Study material:

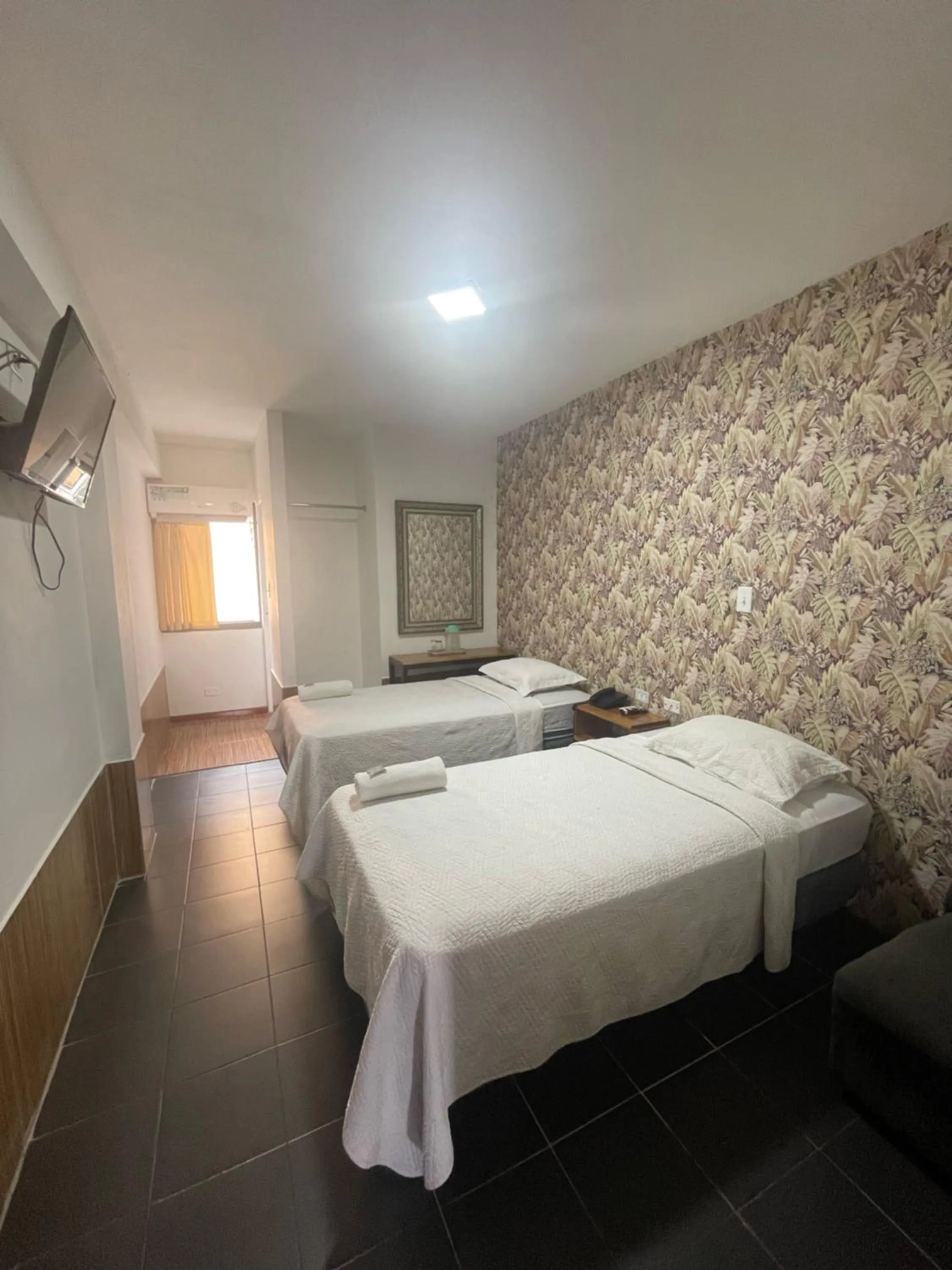 Bed in Hotel Costa Inn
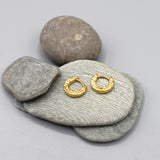 A pair of hammered textured small huggie hoop earrings in gold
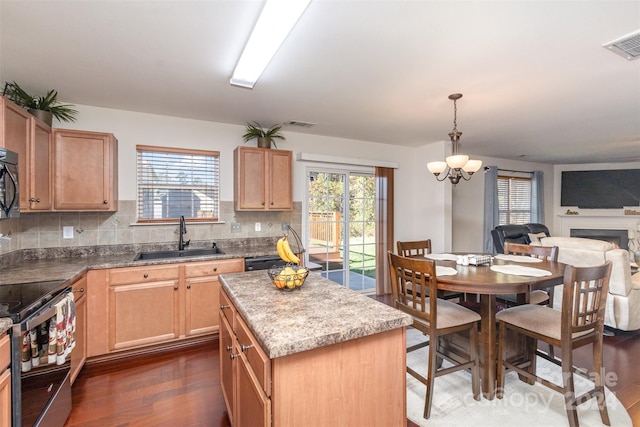 kitchen featuring dark hardwood / wood-style flooring, a kitchen island, a wealth of natural light, and sink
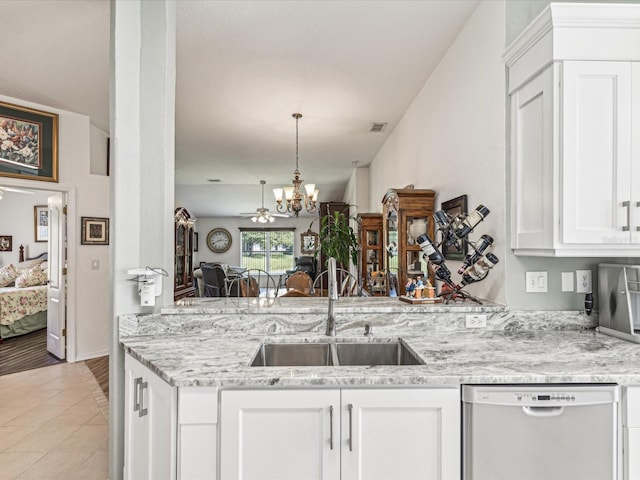 kitchen with light stone counters, white dishwasher, sink, a chandelier, and white cabinetry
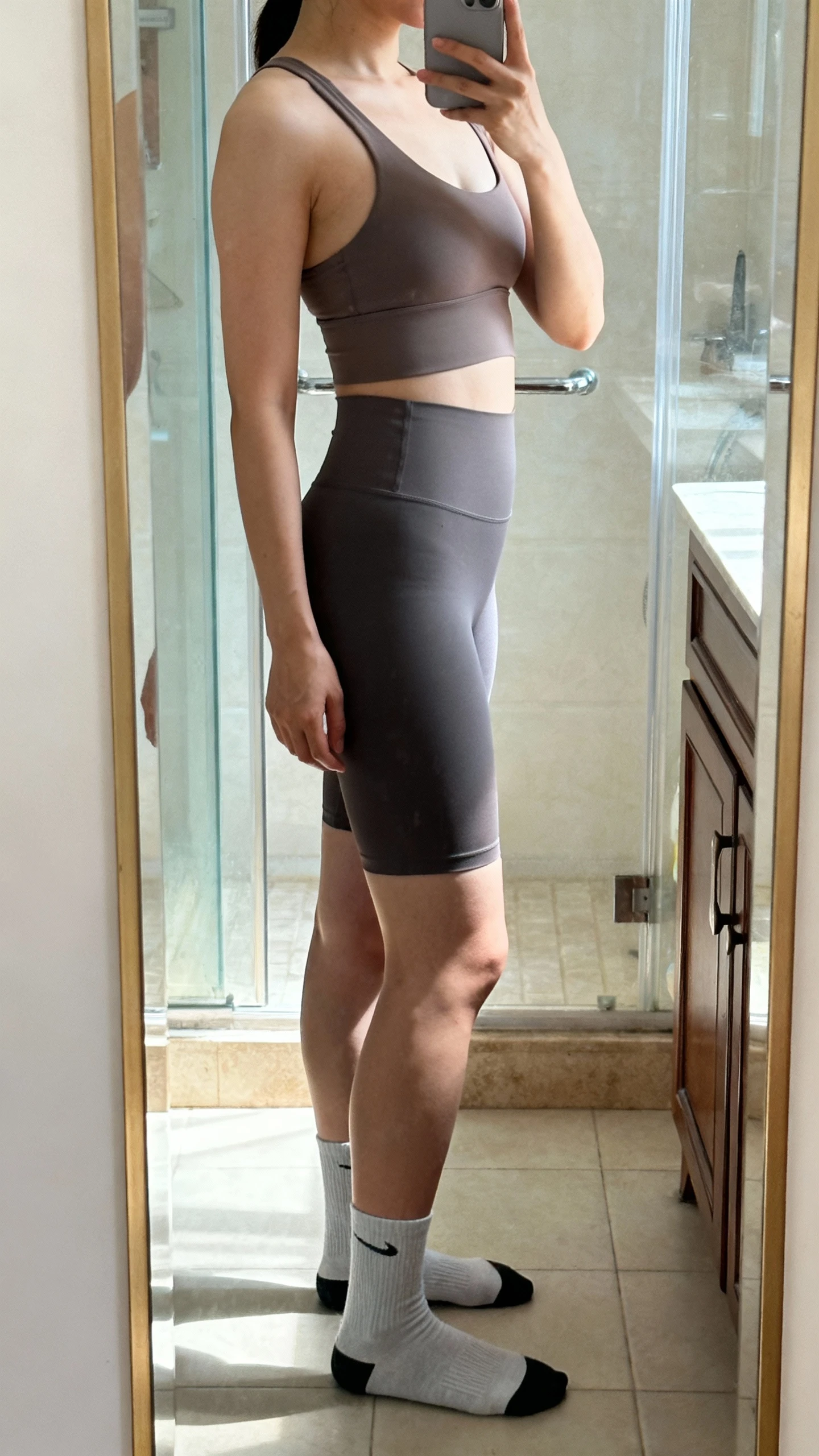 iPhone side-angle mirror selfie of a woman wearing seamless anti-chafe biker shorts, a seamless longline bra, and no-show performance socks, face not visible, cropped at shoulders, bathroom mirror, natural daylight, iPhone photo quality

The task: The entries above need to be repeated word for word, minus their pictures.

Answer to this task:
 Bed in Hotel Costa Inn
 A pair of hammered textured small huggie hoop earrings in gold
 kitchen featuring dark hardwood / wood-style flooring, a kitchen island, a wealth of natural light, and sink
 kitchen with light stone counters, white dishwasher, sink, a chandelier, and white cabinetry
 iPhone side-angle mirror selfie of a woman wearing seamless anti-chafe biker shorts, a seamless longline bra, and no-show performance socks, face not visible, cropped at shoulders, bathroom mirror, natural daylight, iPhone photo quality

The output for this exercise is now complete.